Sending a recording to the Guardian belies any claim that the main concern was for the lady’s welfare. Sending anything to the Guardian is probably malicious and very likely to be politically motivated. I wouldn’t, would you?

I could tell you a tale now if you like. Shall I? Are you sitting comfortably? 

There is an anti-social family nearby whose shouting matches are intense and foul. Social services were contacted. The ‘problem family’ is not a couple, but a single mum and two or three different dads’ offspring including at least one toddler and a teenage boy, a few waifs and strays and some hangers-on. 

The residents in the vicinity were asked to download a dedicated app, which records such disturbances and sends them direct to the social services. I’m not quite sure what for (probably for the purpose of procrastination.)

Recording loud disturbances might sound like a good idea, but one's device never seems to be at hand at the exact moment - the outbursts are unpredictable, and no-one in their right mind would take their phone or tablet close enough to get a decent recording, and then be forced to hang around for hours waiting for something nasty to kick off. So it looks as if it ain’t going to happen. 

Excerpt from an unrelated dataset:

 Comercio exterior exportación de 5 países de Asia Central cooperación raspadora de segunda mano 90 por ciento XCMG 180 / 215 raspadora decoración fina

This is not something to be trivialised though. A couple of years ago a really horrible ‘domestic incident’ did occur nearby - involving extreme, life-changing violence. I don’t even like to think about it. The police arrived too late, but I very much doubt if an intervention by anyone would have stopped it, let alone making a recording and sending it to the press. 
It’s a horrible thing to say, but it does take two to tango. Subsequent events indicated that the (severely injured) surviving party hadn’t been completely blameless. 

I think I have strayed OT. 

1 comment:

  1. I don't think politics and democracy is best served when politicians have to be guarded about what they say It makes for boring interviews when they just stick to the PR-managed 'sound bite'.

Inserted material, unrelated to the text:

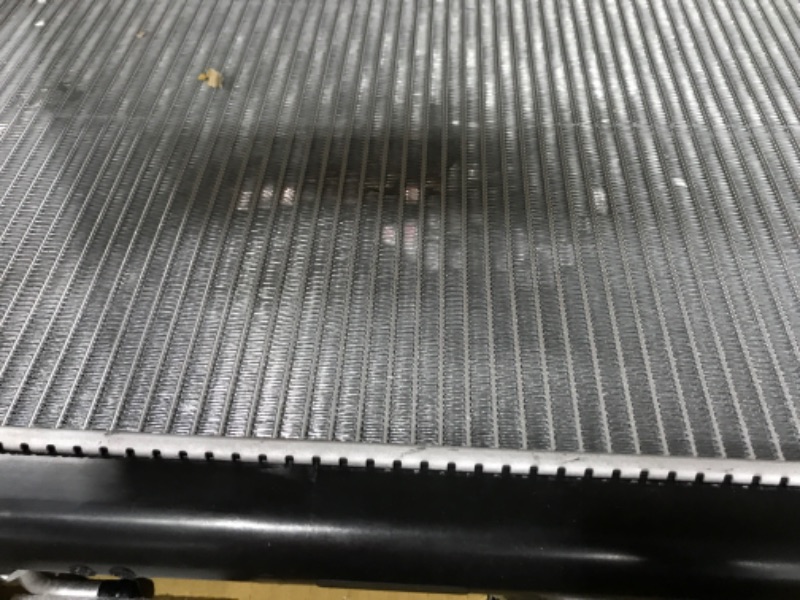 Photo 5 of (*MAJOR DAMAGE*)Denso 221-0506 Radiator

    But it is worse than that as not all politicians don't seem to suffer from the media hanging on and distorting every word. I don't follow twitter but those that do often pick up on (apparently) very dodgy stuff from David Lammy MP. Ditto with Ms Brand, it isn't so much what she said but her expectation (and the BBC's) that she would get away with it. Just imagine if Boris had said it!

    Actually something not brought up re. Brand was her preamble, the bit about the hated politicians. When did that become OK? But it works! 'Everyone' knows that Trump and Farage are 'racist', but who has any evidence? Answer: No-one, because they aren't, but 'everyone' has heard 'someone' on the BBC etc. say it so it 'must' be true!

    The media are killing (have killed) political debate, but esentially on one side. Consequently 'Conservatives' don't offer 'conservative' policies but stress how 'socialist' they really are. And THAT is why the media etc. do it.